Sort of, anyway.  I’m not part of the 1%.  I make a pretty good living, but nothing close to what would qualify me as part of the ruling class.  And followed by my concern about being seen by the wrong people was an even worse sensation of shame.  Shame that I would ever let something like that get in the way of doing what I know for a cold, hard fact to be absolutely right. So I marched.  Proudly.

But I told you that story so I could tell you this (and thank you, Ron White, for coming up with that ever-so-appropriate segue).

People in the Tea Party never experiences these types of conflicting emotions.

Yes, that is a very broad generalization, I know.  But I hold it accurate.  The Tea Party membership is not self-aware.  Here I must distinguish between the membership and the leadership, because the leadership is, in fact, the ruling class.  They run the Tea Party.  They write its talking points.  They determine its agenda.  Shawn Mitchell, State Senator (and Colorado President of the ultra-right-wing-Tea-Party-before-there-was-a-Tea-Party Federalist Society) was the one who organized yesterday’s counter-protest, which the local news had the unmitigated gall to call “grassroots.”  But the membership of the Tea Party isn’t the ruling class.  They membership is working class, just like those in the Occupation.

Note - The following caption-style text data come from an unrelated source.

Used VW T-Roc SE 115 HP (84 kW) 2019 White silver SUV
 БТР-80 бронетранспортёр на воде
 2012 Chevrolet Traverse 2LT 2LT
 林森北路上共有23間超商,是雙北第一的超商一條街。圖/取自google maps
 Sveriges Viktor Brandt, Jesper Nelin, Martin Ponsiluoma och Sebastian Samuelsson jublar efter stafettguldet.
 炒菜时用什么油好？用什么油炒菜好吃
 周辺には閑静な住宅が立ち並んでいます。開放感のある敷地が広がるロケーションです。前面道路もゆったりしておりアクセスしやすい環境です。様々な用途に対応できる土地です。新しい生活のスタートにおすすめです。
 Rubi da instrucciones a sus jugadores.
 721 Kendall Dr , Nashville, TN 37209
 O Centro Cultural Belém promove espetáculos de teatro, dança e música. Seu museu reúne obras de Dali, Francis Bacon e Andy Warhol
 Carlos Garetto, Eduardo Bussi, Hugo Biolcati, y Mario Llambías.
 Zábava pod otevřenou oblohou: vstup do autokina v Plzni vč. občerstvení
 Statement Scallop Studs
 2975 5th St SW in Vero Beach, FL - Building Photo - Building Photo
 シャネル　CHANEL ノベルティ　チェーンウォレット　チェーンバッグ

Some people recognize our common cause.  This guy does…

… and he recognizes that while there are differences of opinion on how to solve those problems, those differences are based more in the misinformation of some than they are based on the availability of a wide variety of valid solutions.

While Tea Party folk hold that “The Occupy Wall Street movement correctly identifies some of the problems our country faces… However, instead of proposing solutions that would take our country toward renewed prosperity, OWS instead advocates policies that would make things worse. History shows us the way forward: what we need instead are more free markets and more liberty…”

…and Shawn Mitchell tells us that “what we need is not more government, but more freedom… the answer isn’t to kneecap corporations… The answer is to reform government and get it out of the business of trying to manage the economy.”

Of course, what this really means is that we need to cut governmental oversight and social programs, and institute more tax cuts.  Which we’ve been doing for over 30 years.  And it’s worked out really well for some people.  A small group, to be sure, only 1% of the total population.  The other 99% of us, Tea Party membership included, have been getting trickled on by trickle down for at least a generation.

I guess what I’m getting at is this:

If you’re a member of the Tea Party, and you’re supporting plans like those put forth by guys like Shawn Mitchell, you are working against your own best interest.  You might think that history has proven out your assumptions, but I challenge you to find a single example of such a thing actually taking place.  I’ll save you some time; there are none.

Tea Party membership, I leave you with this message:

Stop being deceived.  The people you are following are using you as cannon fodder in your own subjugation.  You are the 99%.  We are the 99%.  We are all the working class.  Tea Party leadership is the 1%, , the ruling class, and they do not have your best interest at heart.  They divide us so as to conquer us.  And as long as they are successful, none of us will ever see our dreams realized. If we are to be free, we need each other.